[Paper] The FACTS Leaderboard: A Comprehensive Benchmark for Large Language Model Factuality
Source: arXiv - 2512.10791v1
Overview
The paper presents The FACTS Leaderboard, a new, publicly‑available benchmark suite that measures how factually accurate large language models (LLMs) are across a wide range of real‑world tasks. By unifying four complementary sub‑benchmarks—multimodal QA, closed‑book knowledge, search‑augmented answering, and long‑form grounding—the authors aim to give developers a single, reliable score to compare models and track progress on factuality.
Key Contributions
- Unified factuality suite that aggregates performance on four distinct sub‑leaderboards, covering image‑based QA, parametric knowledge, retrieval‑augmented QA, and document‑grounded generation.

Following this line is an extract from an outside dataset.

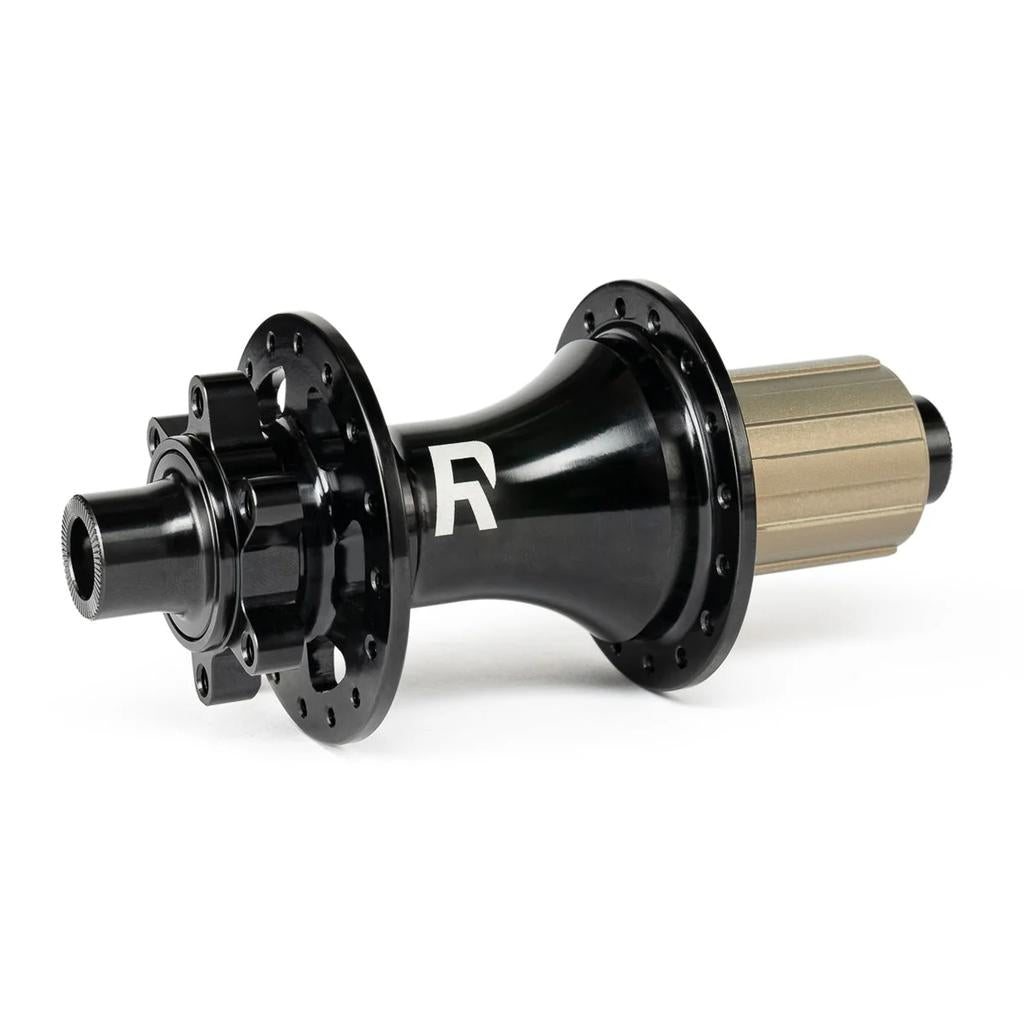 The Radio Sonar 148 Rear Hub is a black and gold hub featuring a logo, multiple spoke holes, and a freehub body.
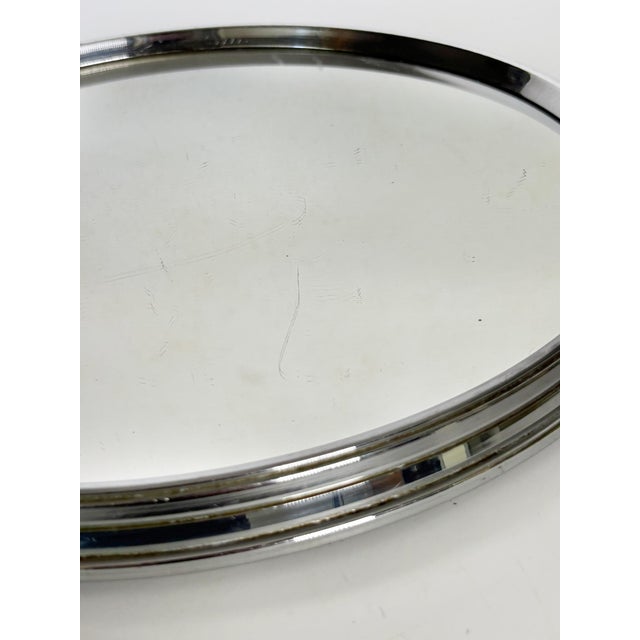 Round Metal Tray with Mirrored Surface, France, 1940s For Sale - Image 9 of 12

- Automated judging pipeline: each sub‑benchmark uses trained judge models (instead of costly human annotation) to score factuality at scale.
- Public leaderboard on Kaggle with both public and hidden test splits, enabling open competition while protecting against over‑fitting.
- Versioned Grounding benchmark (v2) with improved judge models that better detect hallucinations in long‑form text.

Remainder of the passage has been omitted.